The fate of the EU could be decided April 23-May 7, when the French vote for a new president in their elections. If a pro-European candidate doesn’t win there, the European project may instead be forced into a long, cold winter, and nationalist, protectionist and populist agendas may once again take the upper hand.
The French presidential elections, run in two rounds on April 23 and May 7.
Le Pen is very likely to advance to the second-round final vote with Emmanuel Macron, the leading centrist candidate. Both politicians poll at about 25% currently, well ahead of other contenders. In the second round, Le Pen is expected receive only around 35% of the votes. That is well below the poll numbers of 2016’s seminal election winners: the “Leave” campaign in the U.K., and Donald Trump in the U.S. elections.
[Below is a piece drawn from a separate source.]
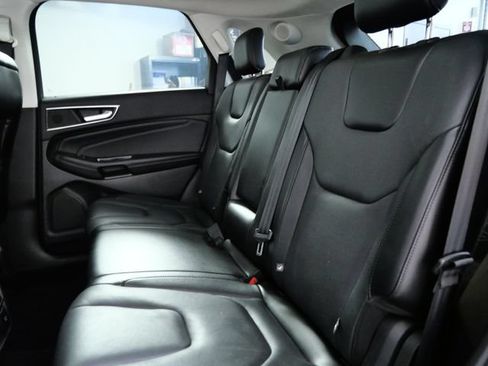 Used 2017 Ford Edge Titanium w/ Equipment Group 301A AWD/4WD image 14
But a terror attack or political bombshell might still make Le Pen a real contender in that final round on May 7.
The reasons for that are multifold, but the fact that France was the European focal point for terror attacks in recent years, and has for years had a complicated relation to immigrants, certainly plays a major role.
A possible election of Le Pen in France would be much more fatal to the European project than Brexit.
France was the EU’s Founding ‘Motor’
France, unlike the U.K., was a founding member of the EU just as The Netherlands was. But more than The Netherlands, it was also the real motor behind the European integration, together with Germany. French politicians, particularly former EU Commission President Jacques Delors, are credited with shaping the European institutions we know today. Others, such as former President Francois Mitterrand, laid the foundations for the Franco-German tandem.
It is more likely that a moderately pro-European candidate will win the French elections with a more or less comfortable margin (65% to 35% according to projections).
However, experts had also predicted that Brexit would fail and that Hillary Clinton would become president of the United States in a landslide.